[Task objective] Transcribe all the entries word for word, but omit the images.

Top of Listed records

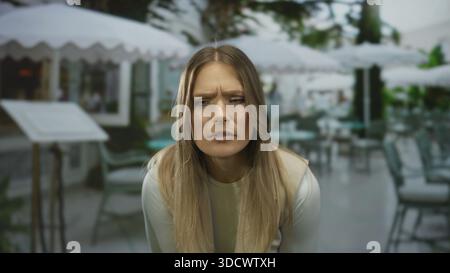 Frau sitzt auf der Außenterrasse im Stadtcafé mit einem durchdachten Ausdruck in eleganter Restaurantatmosphäre. Stockfoto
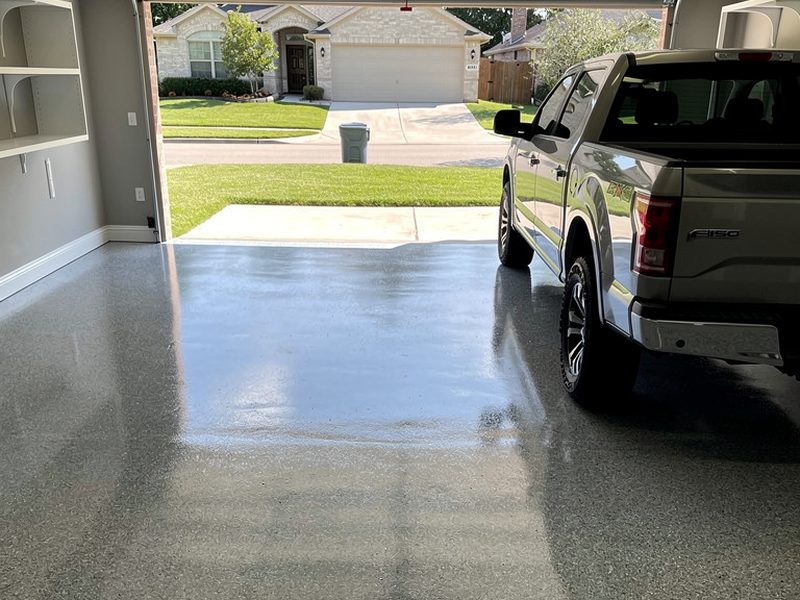 Two-car garage with a grey full-broadcast flake polyaspartic floor and a pickup parked at the open door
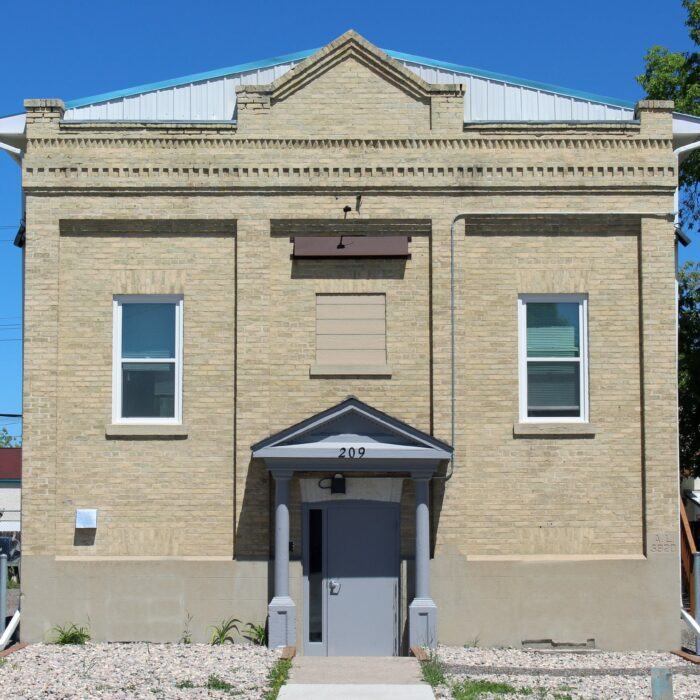 Colour image of a symmetrical brick building. The front door is set down a flight of stairs lower than street level. There are two windows on either side of the door and a peaked roof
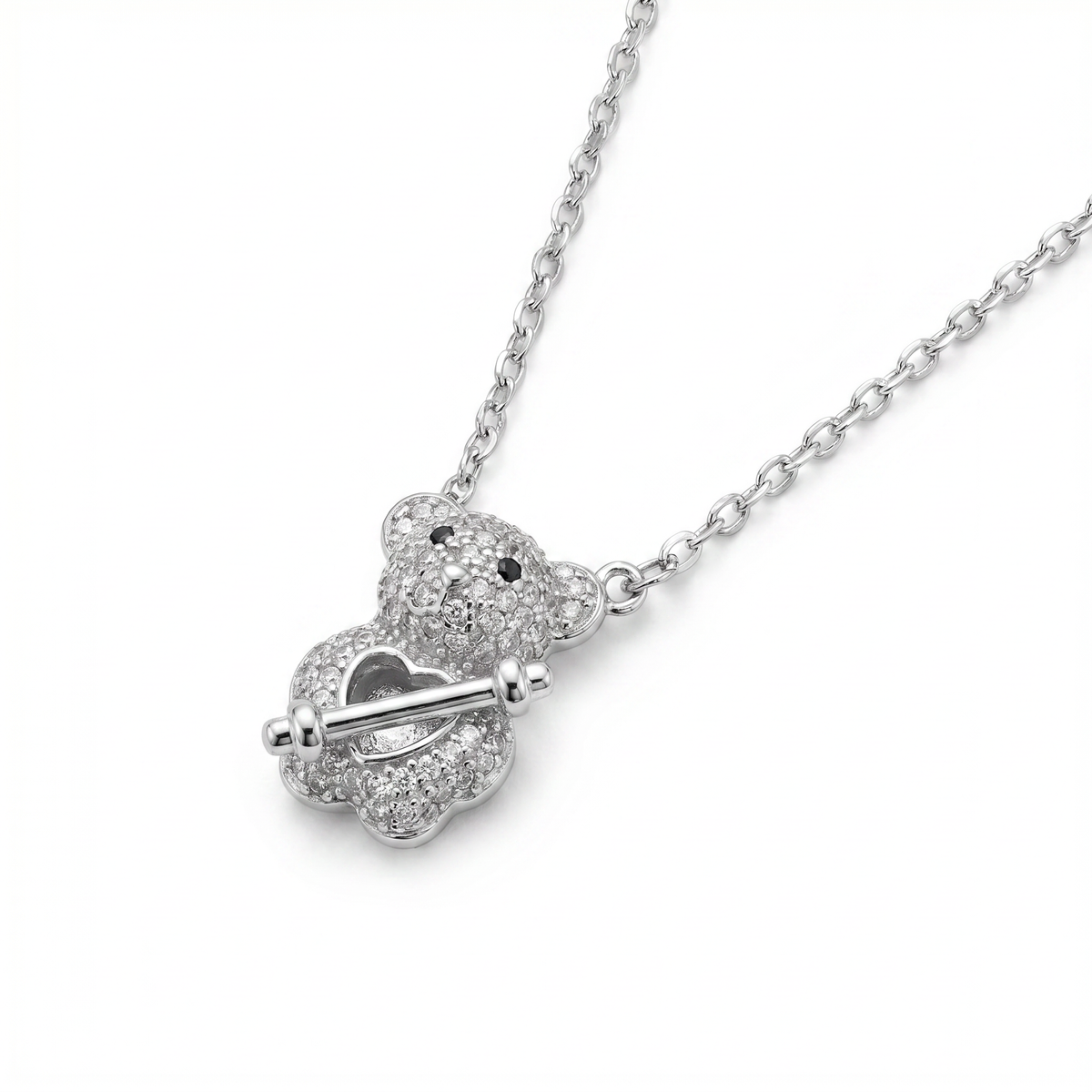 Sterling silver teddy bear pendant on chain, front view
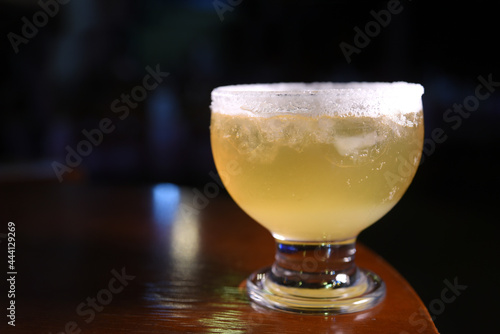 delicious and refreshing alcoholic drink with citrus fruits, margarita, cozumel on a table in a glass cup on the dark background photo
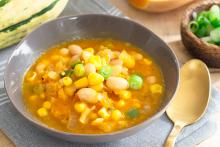 Bowl of corn, squash and bean soup - Three Sisters Soup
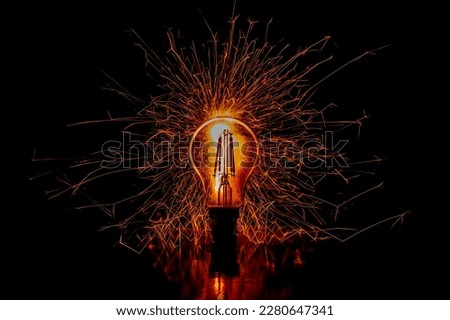 Lightbulb with sparks exploding around. Black background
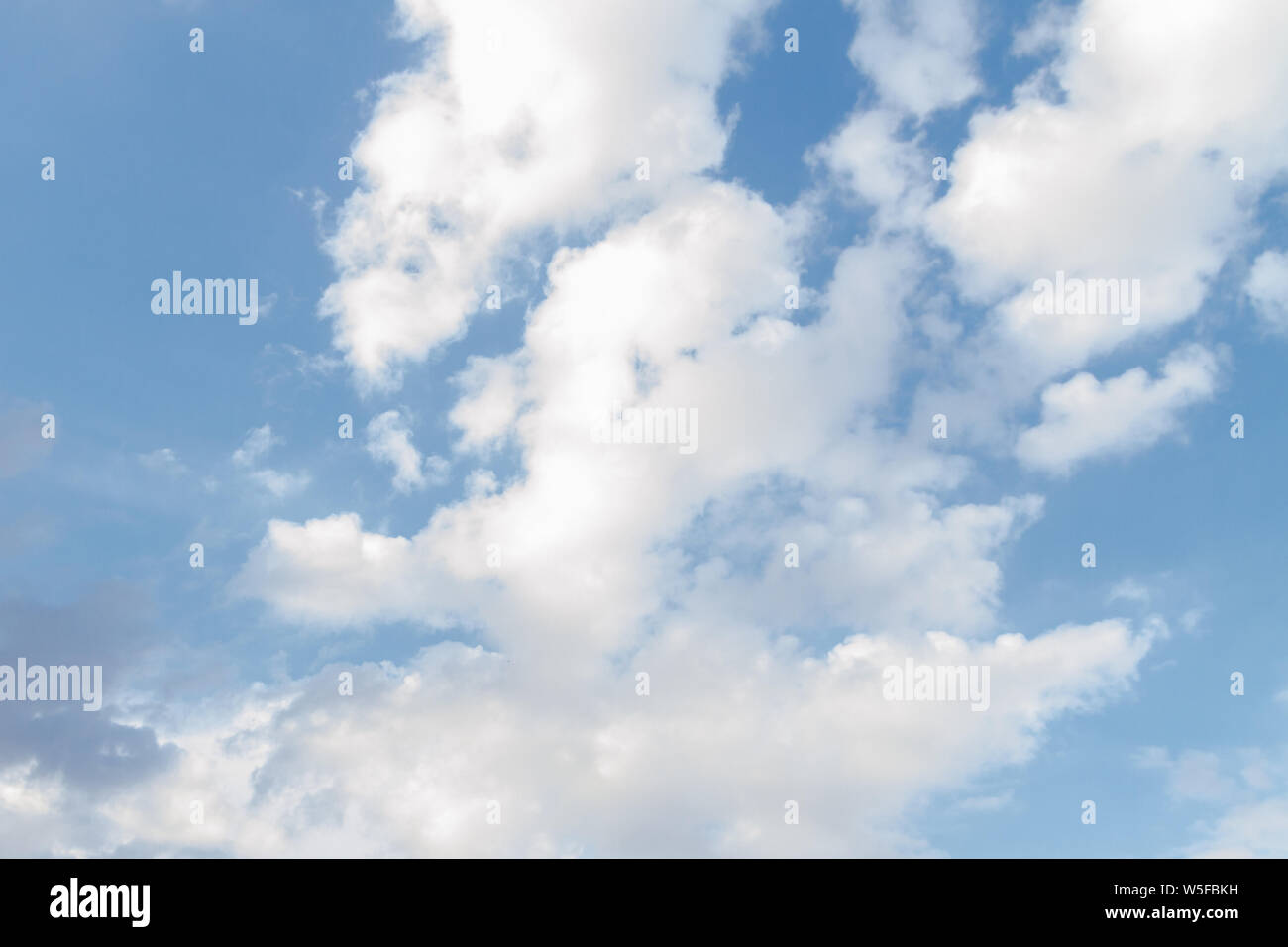 White fluffy clouds in the blue sky in summer Stock Photo - Alamy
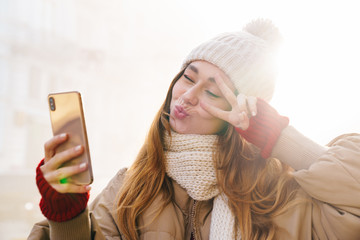 Poster - Close up of a cheerful pretty young girl wearing winter jacket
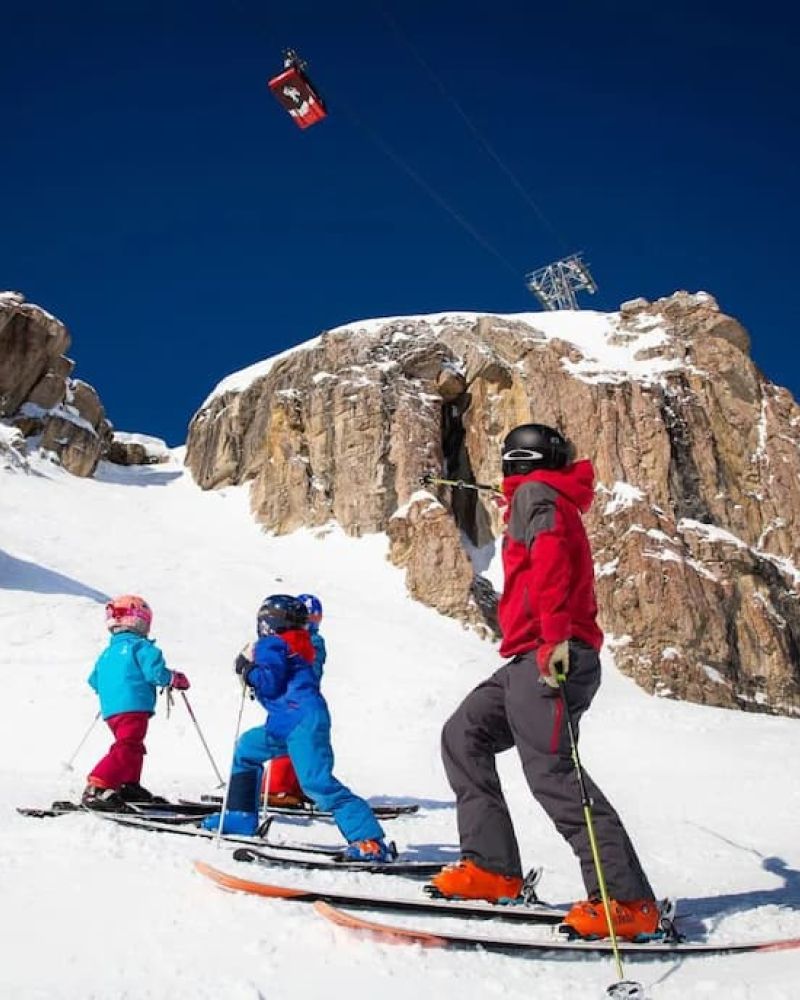 Skiers and tram cabin near a rocky peak at Jackson Hole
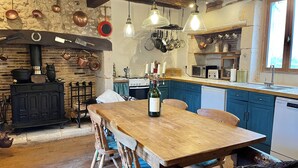 Una cocina rústica con una mesa de madera, ollas colgantes y una estufa negra.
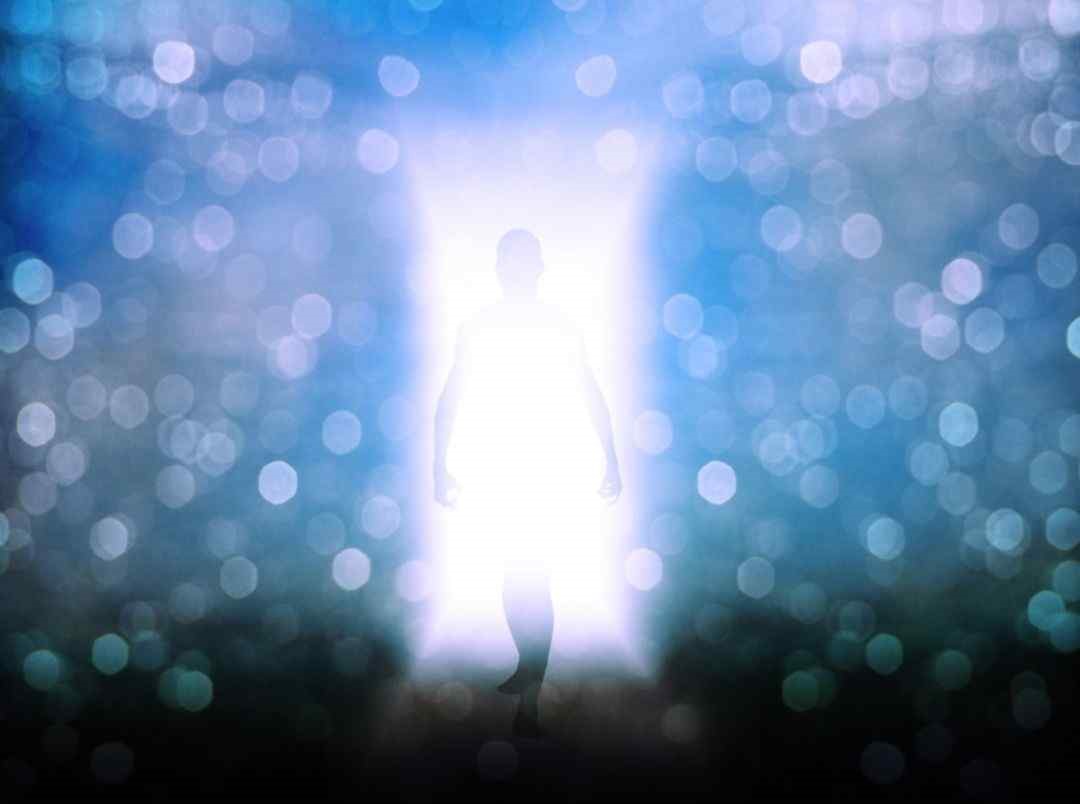 MP 412 Email Image 2 human walking through a doorway of light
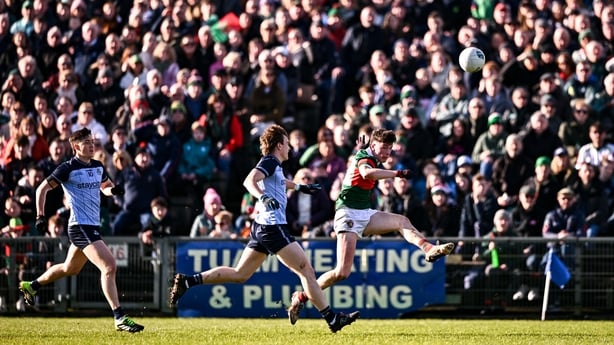 1 February 2026; Bob Tuohy of Mayo in action against Nathan Doran, centre and Killian McGinnis of Dublin during the Allianz Football League Division 1 match between Mayo and Dublin at the Hastings Insurance MacHale Park in Castlebar, Mayo. Photo by Ben McShane/Sportsfile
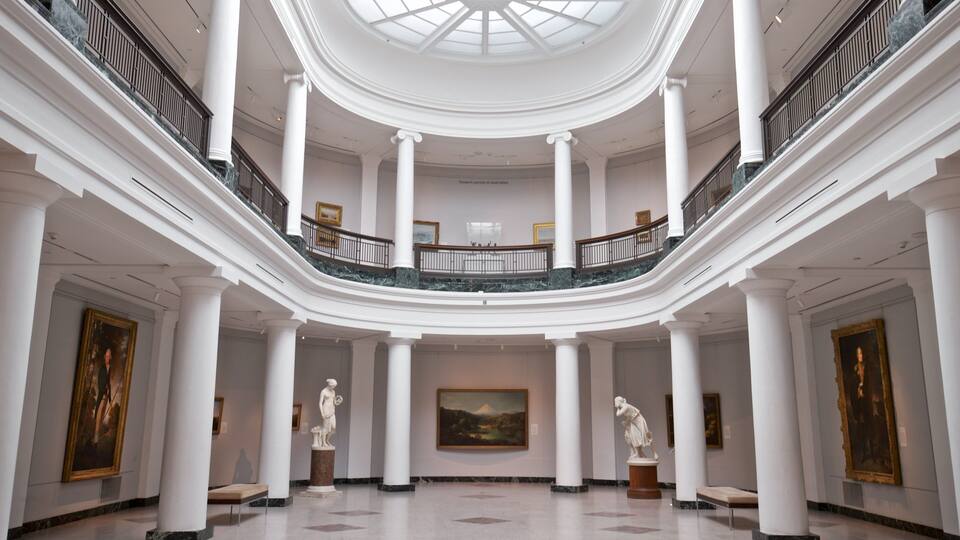 A grand interior with a central dome, marble floors, and classical sculptures.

Bottom of Listed records

[Answer below]
 Frau sitzt auf der Außenterrasse im Stadtcafé mit einem durchdachten Ausdruck in eleganter Restaurantatmosphäre. Stockfoto
 Two-car garage with a grey full-broadcast flake polyaspartic floor and a pickup parked at the open door
 Colour image of a symmetrical brick building. The front door is set down a flight of stairs lower than street level. There are two windows on either side of the door and a peaked roof
 Sterling silver teddy bear pendant on chain, front view
 delicious and refreshing alcoholic drink with citrus fruits, margarita, cozumel on a table in a glass cup on the dark background photo
 Bowl of corn, squash and bean soup - Three Sisters Soup
 Lightbulb with sparks exploding around. Black background
 White fluffy clouds in the blue sky in summer Stock Photo - Alamy
 Poster - Close up of a cheerful pretty young girl wearing winter jacket
 Skiers and tram cabin near a rocky peak at Jackson Hole
 Una cocina rústica con una mesa de madera, ollas colgantes y una estufa negra.
 MP 412 Email Image 2 human walking through a doorway of light
 1 February 2026; Bob Tuohy of Mayo in action against Nathan Doran, centre and Killian McGinnis of Dublin during the Allianz Football League Division 1 match between Mayo and Dublin at the Hastings Insurance MacHale Park in Castlebar, Mayo. Photo by Ben McShane/Sportsfile
 A grand interior with a central dome, marble floors, and classical sculptures.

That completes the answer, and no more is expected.